### SOURCE INFORMATION
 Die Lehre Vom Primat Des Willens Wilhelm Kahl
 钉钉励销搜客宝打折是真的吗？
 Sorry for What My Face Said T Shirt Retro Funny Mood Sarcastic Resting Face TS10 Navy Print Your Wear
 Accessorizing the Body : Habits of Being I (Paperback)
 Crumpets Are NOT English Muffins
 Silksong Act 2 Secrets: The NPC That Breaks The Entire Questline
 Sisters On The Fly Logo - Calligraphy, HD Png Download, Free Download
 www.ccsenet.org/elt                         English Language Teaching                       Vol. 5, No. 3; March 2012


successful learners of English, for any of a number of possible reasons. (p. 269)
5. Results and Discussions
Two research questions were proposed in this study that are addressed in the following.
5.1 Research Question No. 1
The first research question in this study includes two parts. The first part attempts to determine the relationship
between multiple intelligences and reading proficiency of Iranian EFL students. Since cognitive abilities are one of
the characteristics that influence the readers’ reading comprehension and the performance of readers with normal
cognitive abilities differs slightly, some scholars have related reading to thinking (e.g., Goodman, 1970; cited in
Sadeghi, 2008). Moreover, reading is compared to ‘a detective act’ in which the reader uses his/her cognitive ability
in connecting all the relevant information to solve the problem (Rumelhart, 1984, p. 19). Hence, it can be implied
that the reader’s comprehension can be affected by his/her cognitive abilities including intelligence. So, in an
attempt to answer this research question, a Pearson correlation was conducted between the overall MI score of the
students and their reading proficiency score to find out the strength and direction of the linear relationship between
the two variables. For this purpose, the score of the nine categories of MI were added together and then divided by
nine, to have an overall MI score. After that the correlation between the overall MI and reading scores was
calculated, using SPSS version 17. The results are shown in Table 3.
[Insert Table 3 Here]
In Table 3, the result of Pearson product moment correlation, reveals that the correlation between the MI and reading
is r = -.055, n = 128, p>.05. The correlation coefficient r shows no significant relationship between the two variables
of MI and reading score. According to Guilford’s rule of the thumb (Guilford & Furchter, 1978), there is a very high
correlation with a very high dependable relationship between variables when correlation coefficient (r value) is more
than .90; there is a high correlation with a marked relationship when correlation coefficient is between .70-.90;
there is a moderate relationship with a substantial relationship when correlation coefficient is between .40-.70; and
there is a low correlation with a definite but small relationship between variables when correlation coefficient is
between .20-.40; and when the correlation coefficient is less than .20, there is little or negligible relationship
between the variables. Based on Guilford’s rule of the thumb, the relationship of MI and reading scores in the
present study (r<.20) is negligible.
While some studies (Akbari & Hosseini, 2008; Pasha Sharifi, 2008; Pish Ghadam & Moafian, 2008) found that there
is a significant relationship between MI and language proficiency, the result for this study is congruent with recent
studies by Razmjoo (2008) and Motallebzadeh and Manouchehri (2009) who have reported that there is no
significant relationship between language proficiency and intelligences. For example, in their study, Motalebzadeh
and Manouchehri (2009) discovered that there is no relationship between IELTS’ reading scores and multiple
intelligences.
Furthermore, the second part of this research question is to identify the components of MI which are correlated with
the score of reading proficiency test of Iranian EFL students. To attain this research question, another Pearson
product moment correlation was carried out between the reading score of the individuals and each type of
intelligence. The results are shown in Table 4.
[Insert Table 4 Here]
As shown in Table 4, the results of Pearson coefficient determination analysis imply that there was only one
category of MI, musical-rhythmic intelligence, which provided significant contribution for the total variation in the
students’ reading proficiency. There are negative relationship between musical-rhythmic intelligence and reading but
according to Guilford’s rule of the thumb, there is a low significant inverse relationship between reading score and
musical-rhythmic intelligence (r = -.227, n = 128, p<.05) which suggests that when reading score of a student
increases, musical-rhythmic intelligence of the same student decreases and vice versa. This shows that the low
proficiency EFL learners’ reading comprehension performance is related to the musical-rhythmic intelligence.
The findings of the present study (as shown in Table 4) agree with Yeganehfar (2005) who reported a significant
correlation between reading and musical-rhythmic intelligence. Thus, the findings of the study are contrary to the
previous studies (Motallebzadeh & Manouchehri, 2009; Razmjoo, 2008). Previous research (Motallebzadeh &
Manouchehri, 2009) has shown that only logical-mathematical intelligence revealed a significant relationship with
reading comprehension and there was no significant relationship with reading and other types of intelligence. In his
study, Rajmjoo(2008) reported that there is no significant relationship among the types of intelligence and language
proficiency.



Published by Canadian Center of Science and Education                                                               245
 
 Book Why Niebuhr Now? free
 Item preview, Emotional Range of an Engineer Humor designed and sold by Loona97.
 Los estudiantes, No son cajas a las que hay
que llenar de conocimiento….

### WORK INSTRUCTION
Return, word for word, the lines of the data above from the line with "As shown in Table 4, the" through the line with "students’ reading proficiency.", inclusive.

### RESPONSE FOR THIS EXERCISE
As shown in Table 4, the results of Pearson coefficient determination analysis imply that there was only one
category of MI, musical-rhythmic intelligence, which provided significant contribution for the total variation in the
students’ reading proficiency. There are negative relationship between musical-rhythmic intelligence and reading but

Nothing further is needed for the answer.